I want to compare several HTML files which contains many string tags so I am looking for the best ways which have less time complexity .
For Example:
There are 2 HTML files below which contain many tags which are string so I want to compare them and count the similar tags at last by using these formulas:
1. Average of similar tags of each two HTML files = (Quantity of same tags in first file) + (Quantity of same tags in second file) / (Sum of all second column of first file) + (Sum of all second column of second file).
2. Main Function for calculating: F ( File1,File2 ) = ((Quantity of tags which are same in both files) / ( Quantity of all tags of first and second files - Quantity of tags which are same in both files ) ) * (Average of similar tags of each two HTML files)
counter: which has the quantity of similar tags of two HTML files.
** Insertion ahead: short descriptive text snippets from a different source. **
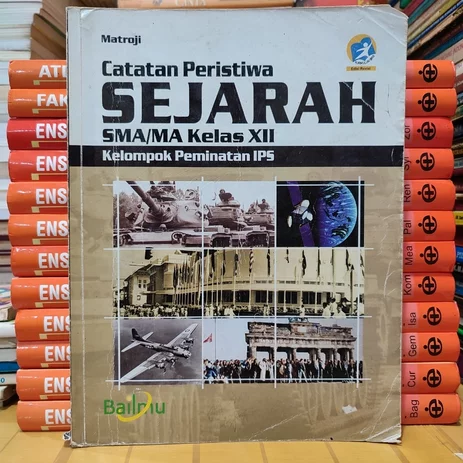 Detail Buku Sejarah Sma Kelas Xii Kurikulum 2013 Nomer 30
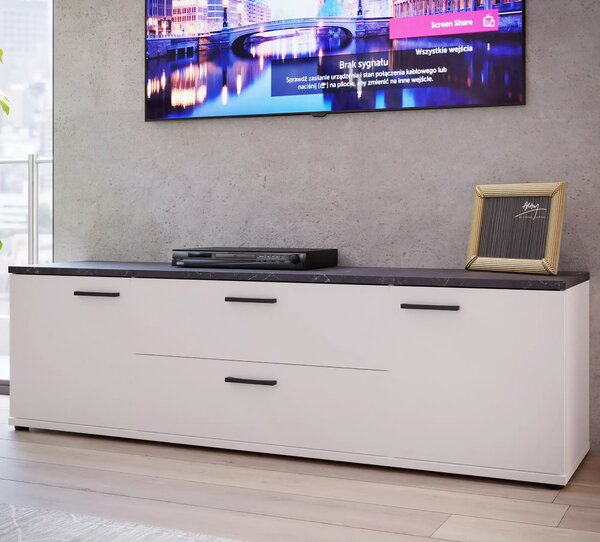 Saltwater Tv állvány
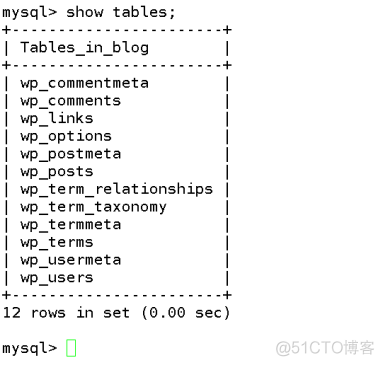 rpm安装lnmp，搭建知乎_知乎_10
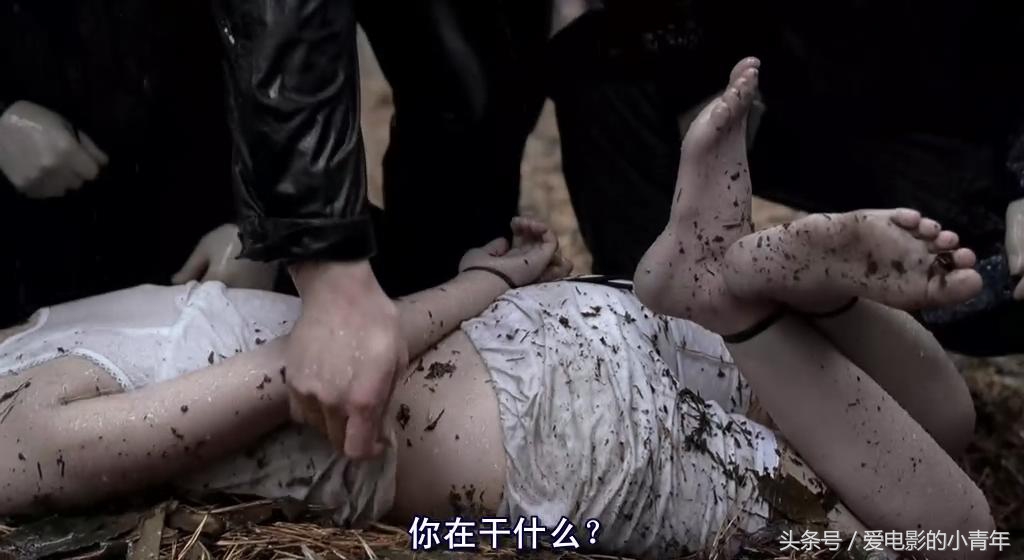 韩国最好看的一部电影，根据真实事件改编，直至现在也没找到凶手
Note: The second columns contain the quantity of each tag in current HTML file.
The first HTML file:
joiuh
| 12
|
@62jj
| 10
|
k6235
| 2
|
99ui*
| 3
|
00Qyu67 | 9
|
*8455
| 7 |
Sum of all second column = 43
The Second HTML File :
00Qyu67 | 20 |
NY%%%20
| 1
|
UWCN10
| 13 |
89PO* | 6 |
$$CS40 | 11 |
@62jj | 56 |
k6235 | 10 |
Sum of all second column = 117
In this example:
Average of similar tags of each two HTML files: ( ( 10 + 9 + 2 ) + ( 56 + 20 + 10 ) ) / ( ( 43 ) + ( 117 ) ) = 107 / 160 = 0.66
F ( File1,File2 ) = ( ( 3 ) / ( 13 - 3 ) ) * 0.66 = 0.198